## EXERCISE BRIEF
Your task is to retype, exactly and without pictures, the line holding "Este domingo hombres" and each line that follows it to the end of the entries.

(Scraped caption text data)
::::

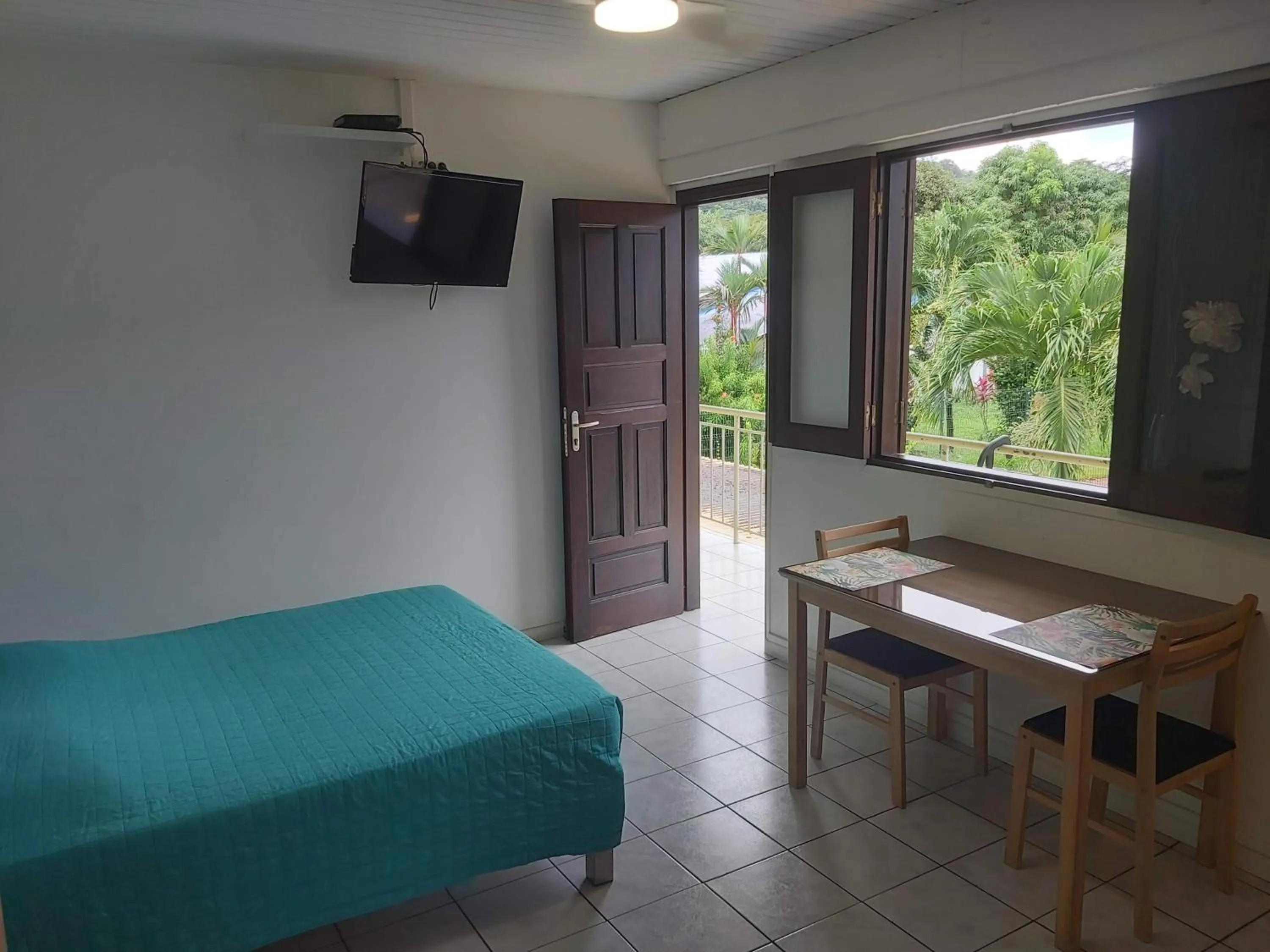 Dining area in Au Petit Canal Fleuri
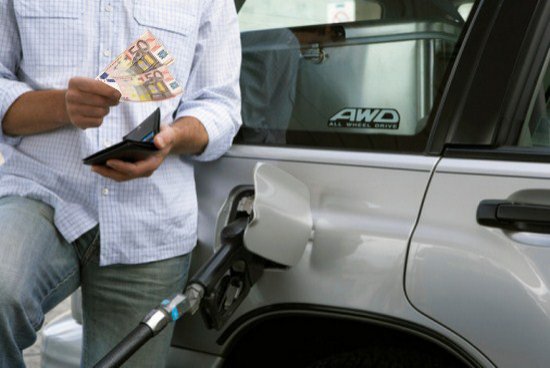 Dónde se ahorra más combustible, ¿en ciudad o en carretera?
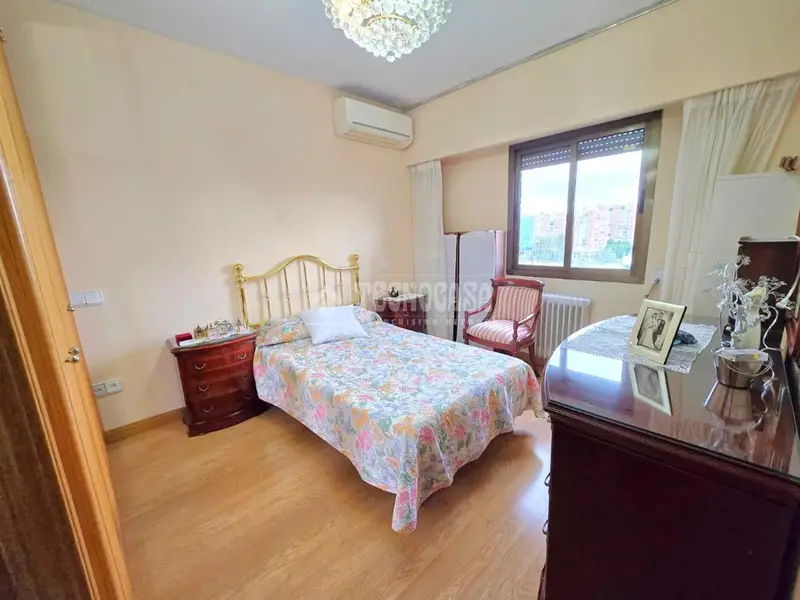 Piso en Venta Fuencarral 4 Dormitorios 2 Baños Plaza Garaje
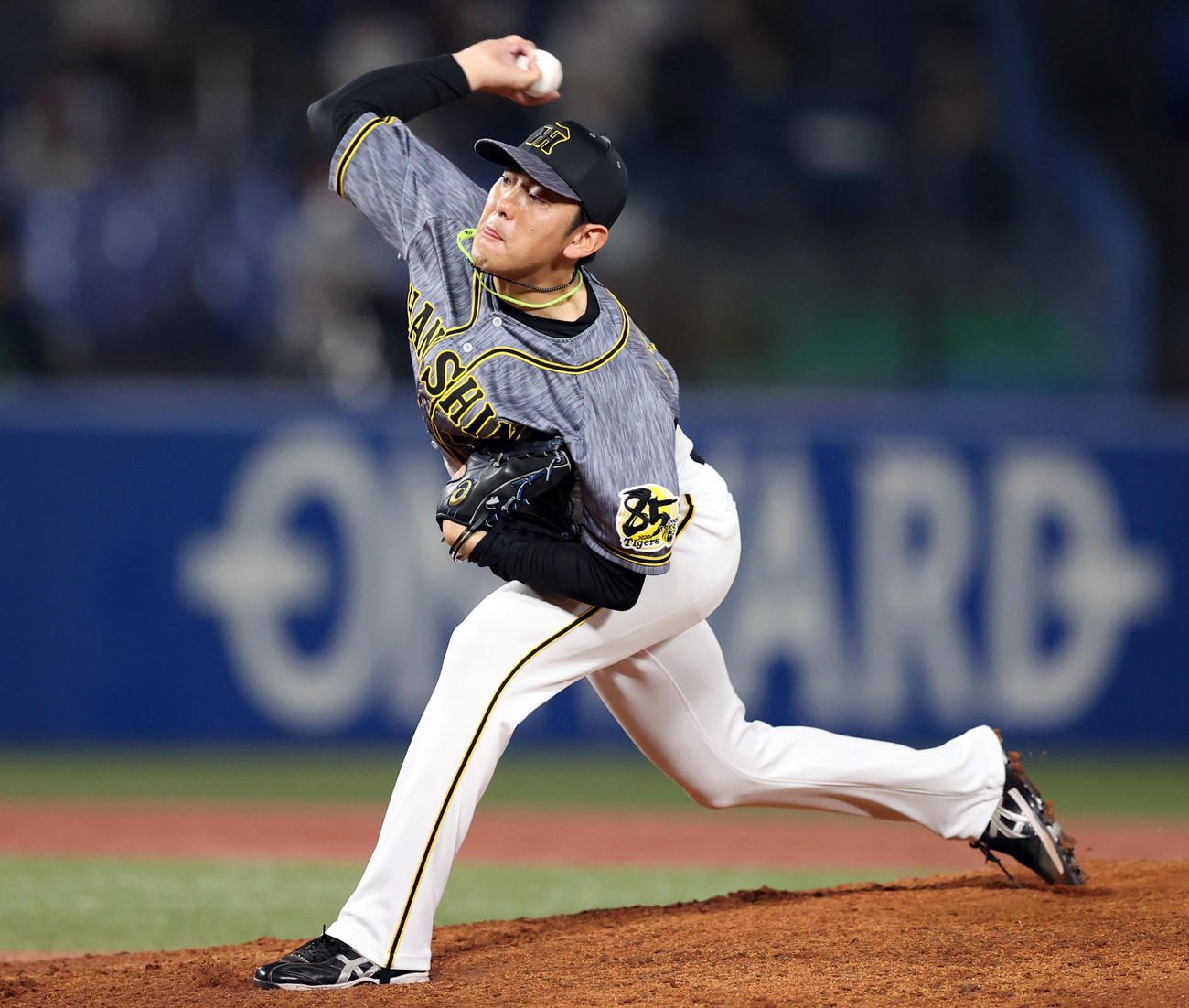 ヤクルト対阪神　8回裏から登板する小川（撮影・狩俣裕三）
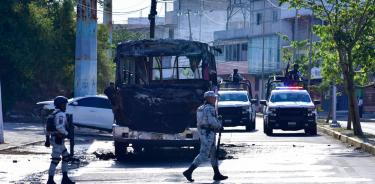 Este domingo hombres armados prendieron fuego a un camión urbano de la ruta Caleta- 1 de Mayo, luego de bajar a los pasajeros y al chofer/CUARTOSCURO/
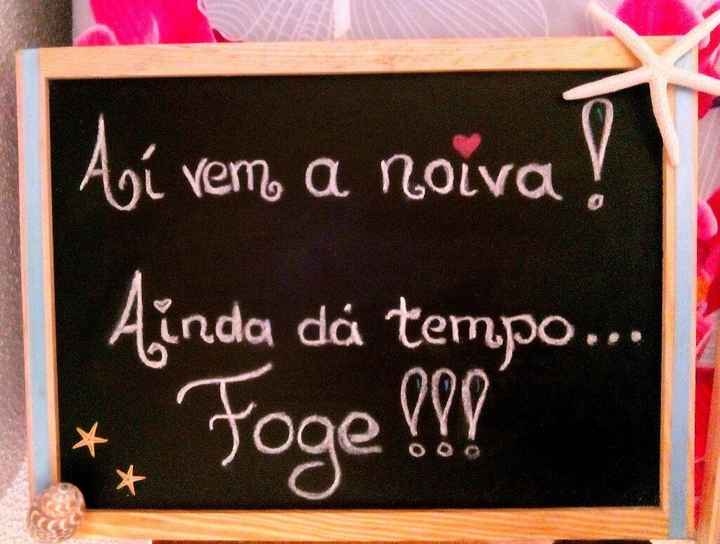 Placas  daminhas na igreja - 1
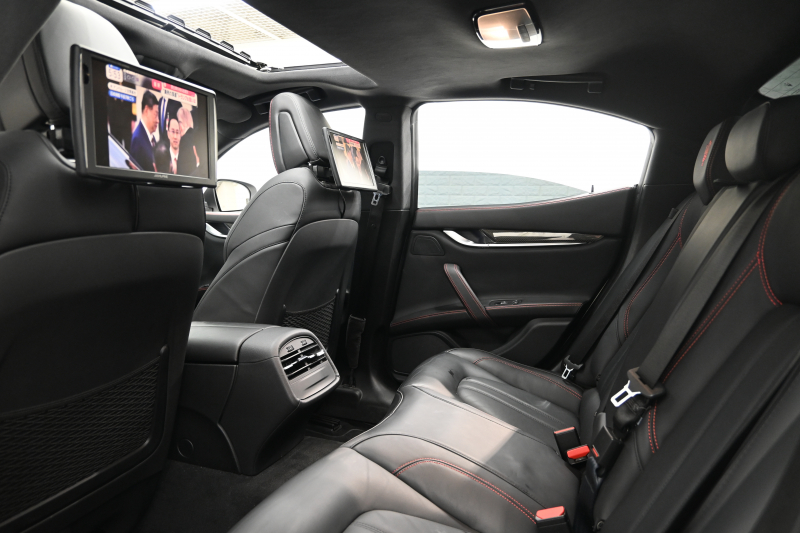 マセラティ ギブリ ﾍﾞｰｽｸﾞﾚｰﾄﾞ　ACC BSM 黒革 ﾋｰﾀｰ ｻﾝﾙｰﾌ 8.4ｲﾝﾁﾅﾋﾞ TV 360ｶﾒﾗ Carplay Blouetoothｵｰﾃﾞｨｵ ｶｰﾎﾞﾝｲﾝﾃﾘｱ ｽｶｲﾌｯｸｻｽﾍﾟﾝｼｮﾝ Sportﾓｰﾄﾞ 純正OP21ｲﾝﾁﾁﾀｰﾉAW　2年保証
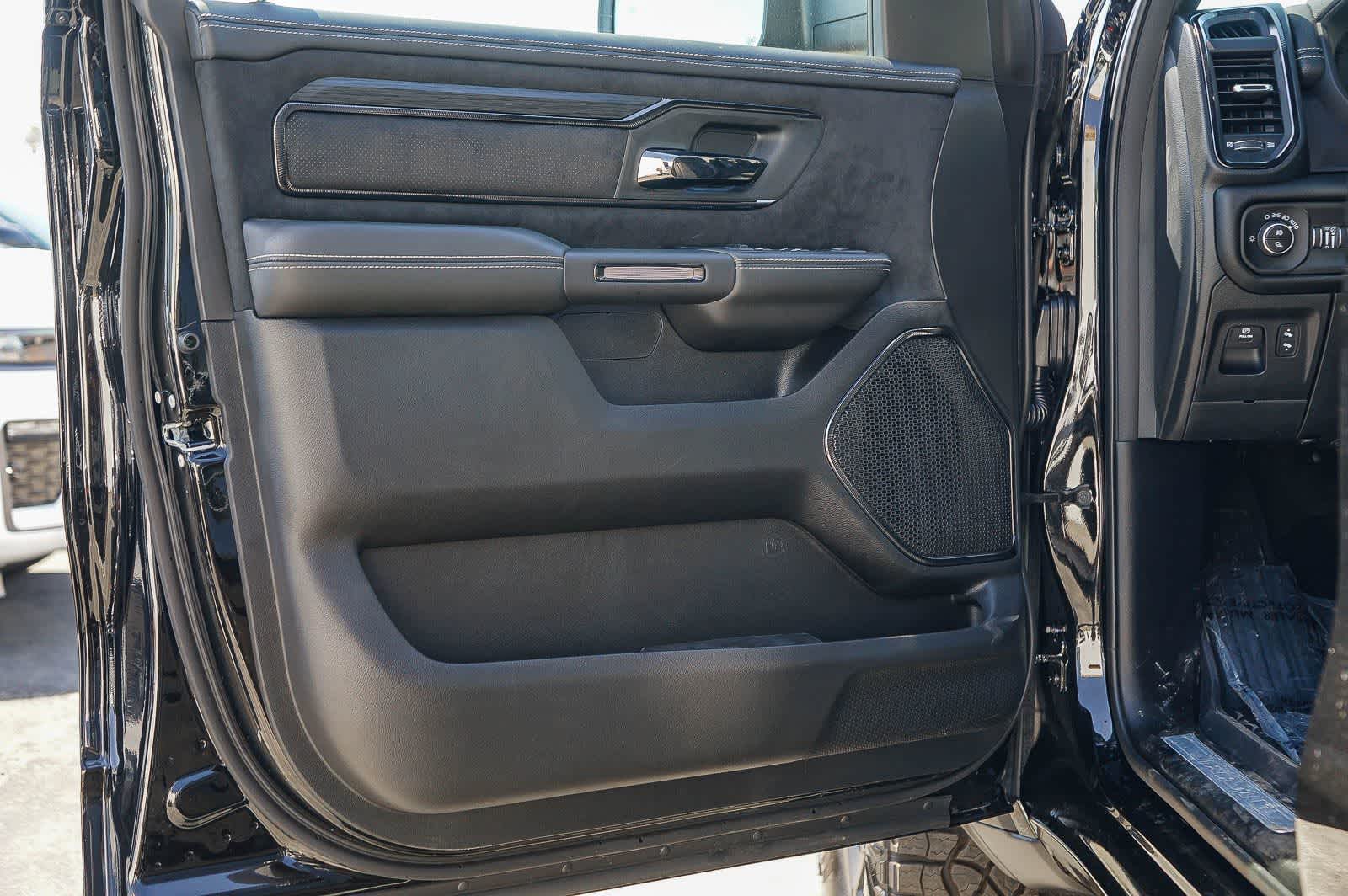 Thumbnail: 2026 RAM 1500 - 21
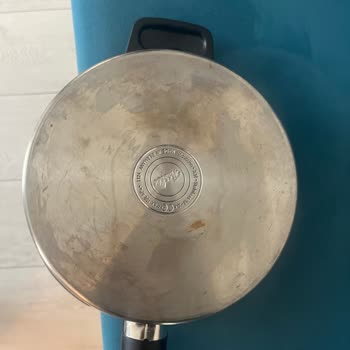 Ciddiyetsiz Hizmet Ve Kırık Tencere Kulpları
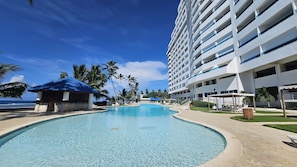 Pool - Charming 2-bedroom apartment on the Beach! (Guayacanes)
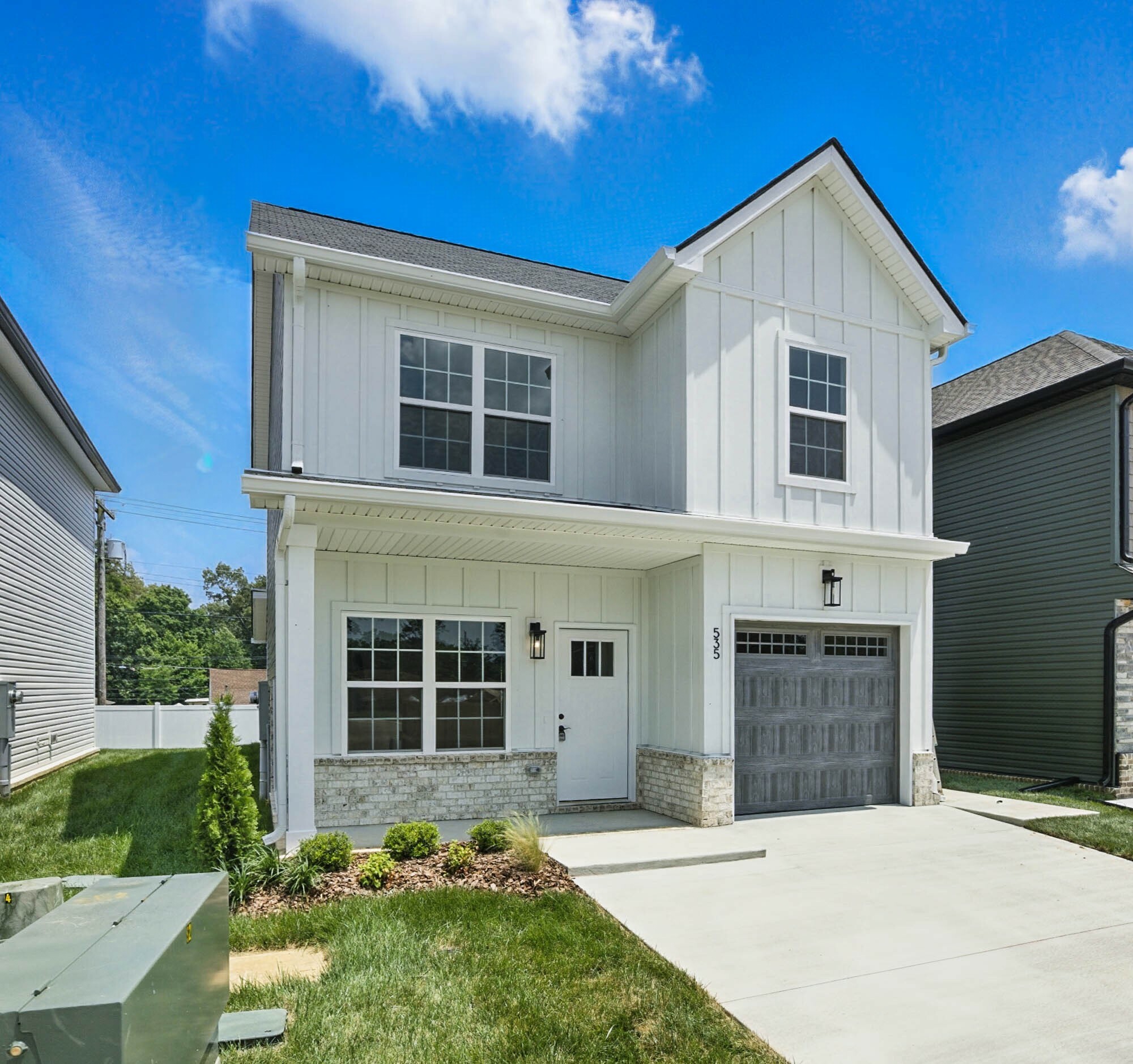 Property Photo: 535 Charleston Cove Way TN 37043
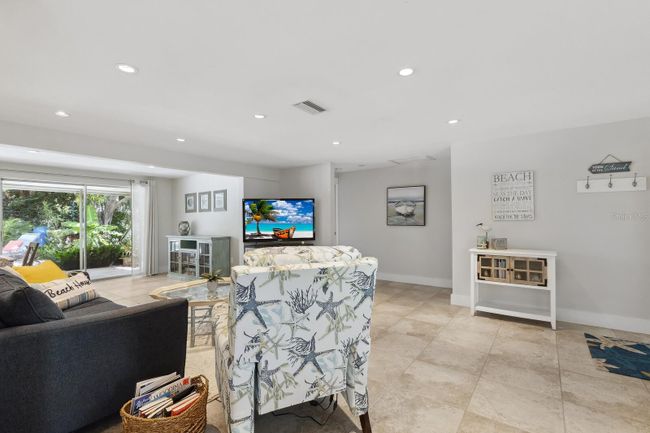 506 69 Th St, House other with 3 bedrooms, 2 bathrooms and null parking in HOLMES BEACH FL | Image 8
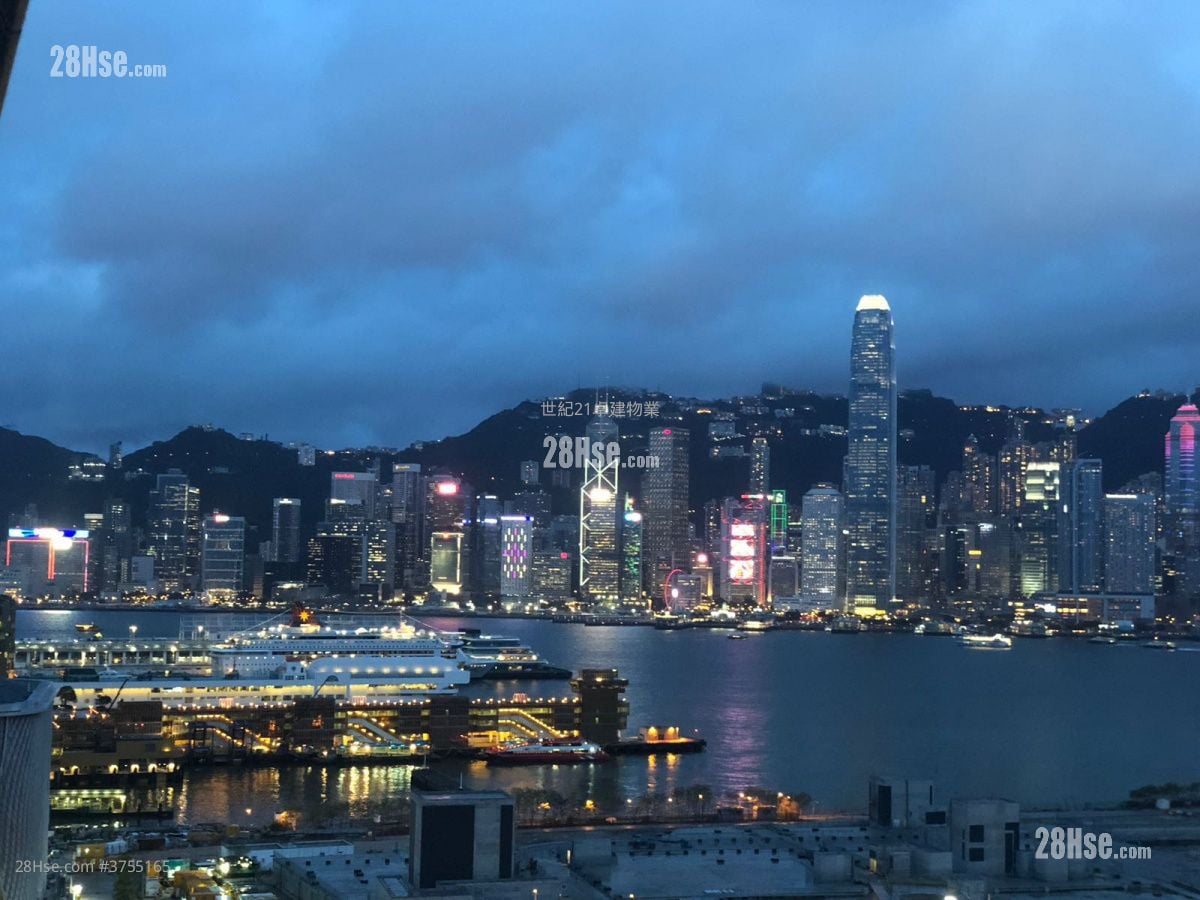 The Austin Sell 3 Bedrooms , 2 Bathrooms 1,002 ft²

::::

## WRITTEN REPLY
 Este domingo hombres armados prendieron fuego a un camión urbano de la ruta Caleta- 1 de Mayo, luego de bajar a los pasajeros y al chofer/CUARTOSCURO/
 Placas  daminhas na igreja - 1
 マセラティ ギブリ ﾍﾞｰｽｸﾞﾚｰﾄﾞ　ACC BSM 黒革 ﾋｰﾀｰ ｻﾝﾙｰﾌ 8.4ｲﾝﾁﾅﾋﾞ TV 360ｶﾒﾗ Carplay Blouetoothｵｰﾃﾞｨｵ ｶｰﾎﾞﾝｲﾝﾃﾘｱ ｽｶｲﾌｯｸｻｽﾍﾟﾝｼｮﾝ Sportﾓｰﾄﾞ 純正OP21ｲﾝﾁﾁﾀｰﾉAW　2年保証
 Thumbnail: 2026 RAM 1500 - 21
 Ciddiyetsiz Hizmet Ve Kırık Tencere Kulpları
 Pool - Charming 2-bedroom apartment on the Beach! (Guayacanes)
 Property Photo: 535 Charleston Cove Way TN 37043
 506 69 Th St, House other with 3 bedrooms, 2 bathrooms and null parking in HOLMES BEACH FL | Image 8
 The Austin Sell 3 Bedrooms , 2 Bathrooms 1,002 ft²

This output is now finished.